- **INSTRUCTIONS FOR THE TASK**:
How does the data below read from its first line through the line containing "図35 移出米検査成績(大正1〜9年度)"? Print those lines exactly.

- **PROVIDED ENTRIES**:
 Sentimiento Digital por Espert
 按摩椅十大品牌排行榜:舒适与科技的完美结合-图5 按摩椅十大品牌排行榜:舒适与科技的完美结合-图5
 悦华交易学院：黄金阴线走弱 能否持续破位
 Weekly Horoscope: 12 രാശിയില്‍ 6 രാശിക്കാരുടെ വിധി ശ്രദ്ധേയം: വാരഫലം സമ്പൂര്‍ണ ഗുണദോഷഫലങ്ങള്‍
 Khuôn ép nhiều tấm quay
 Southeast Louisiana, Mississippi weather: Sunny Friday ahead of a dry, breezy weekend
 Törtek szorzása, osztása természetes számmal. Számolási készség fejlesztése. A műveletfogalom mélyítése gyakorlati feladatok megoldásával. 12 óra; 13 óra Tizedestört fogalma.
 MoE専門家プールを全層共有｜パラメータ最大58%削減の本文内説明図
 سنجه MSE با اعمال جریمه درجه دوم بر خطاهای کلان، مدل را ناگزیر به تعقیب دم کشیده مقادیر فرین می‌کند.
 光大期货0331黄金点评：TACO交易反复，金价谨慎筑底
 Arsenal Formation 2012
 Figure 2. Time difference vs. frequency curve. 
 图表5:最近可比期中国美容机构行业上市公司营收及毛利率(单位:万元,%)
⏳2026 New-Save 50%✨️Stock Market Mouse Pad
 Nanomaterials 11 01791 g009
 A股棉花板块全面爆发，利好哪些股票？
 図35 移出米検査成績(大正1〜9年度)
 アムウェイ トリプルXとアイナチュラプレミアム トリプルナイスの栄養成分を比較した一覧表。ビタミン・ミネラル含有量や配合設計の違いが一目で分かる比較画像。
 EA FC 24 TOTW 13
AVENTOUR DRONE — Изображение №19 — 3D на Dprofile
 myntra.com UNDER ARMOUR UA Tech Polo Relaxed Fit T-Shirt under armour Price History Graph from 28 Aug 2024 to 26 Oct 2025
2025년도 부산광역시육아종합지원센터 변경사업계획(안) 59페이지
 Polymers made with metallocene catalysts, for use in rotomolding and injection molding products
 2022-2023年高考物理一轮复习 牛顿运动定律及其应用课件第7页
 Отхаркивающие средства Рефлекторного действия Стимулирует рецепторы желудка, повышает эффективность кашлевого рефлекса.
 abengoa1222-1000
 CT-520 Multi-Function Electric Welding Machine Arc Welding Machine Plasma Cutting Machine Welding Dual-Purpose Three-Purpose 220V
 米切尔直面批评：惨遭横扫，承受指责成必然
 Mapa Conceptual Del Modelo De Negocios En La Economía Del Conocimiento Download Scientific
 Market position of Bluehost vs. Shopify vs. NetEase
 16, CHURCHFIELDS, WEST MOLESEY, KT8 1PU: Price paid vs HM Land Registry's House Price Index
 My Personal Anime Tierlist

- **EXERCISE RESULT**:
 Sentimiento Digital por Espert
 按摩椅十大品牌排行榜:舒适与科技的完美结合-图5 按摩椅十大品牌排行榜:舒适与科技的完美结合-图5
 悦华交易学院：黄金阴线走弱 能否持续破位
 Weekly Horoscope: 12 രാശിയില്‍ 6 രാശിക്കാരുടെ വിധി ശ്രദ്ധേയം: വാരഫലം സമ്പൂര്‍ണ ഗുണദോഷഫലങ്ങള്‍
 Khuôn ép nhiều tấm quay
 Southeast Louisiana, Mississippi weather: Sunny Friday ahead of a dry, breezy weekend
 Törtek szorzása, osztása természetes számmal. Számolási készség fejlesztése. A műveletfogalom mélyítése gyakorlati feladatok megoldásával. 12 óra; 13 óra Tizedestört fogalma.
 MoE専門家プールを全層共有｜パラメータ最大58%削減の本文内説明図
 سنجه MSE با اعمال جریمه درجه دوم بر خطاهای کلان، مدل را ناگزیر به تعقیب دم کشیده مقادیر فرین می‌کند.
 光大期货0331黄金点评：TACO交易反复，金价谨慎筑底
 Arsenal Formation 2012
 Figure 2. Time difference vs. frequency curve. 
 图表5:最近可比期中国美容机构行业上市公司营收及毛利率(单位:万元,%)
⏳2026 New-Save 50%✨️Stock Market Mouse Pad
 Nanomaterials 11 01791 g009
 A股棉花板块全面爆发，利好哪些股票？
 図35 移出米検査成績(大正1〜9年度)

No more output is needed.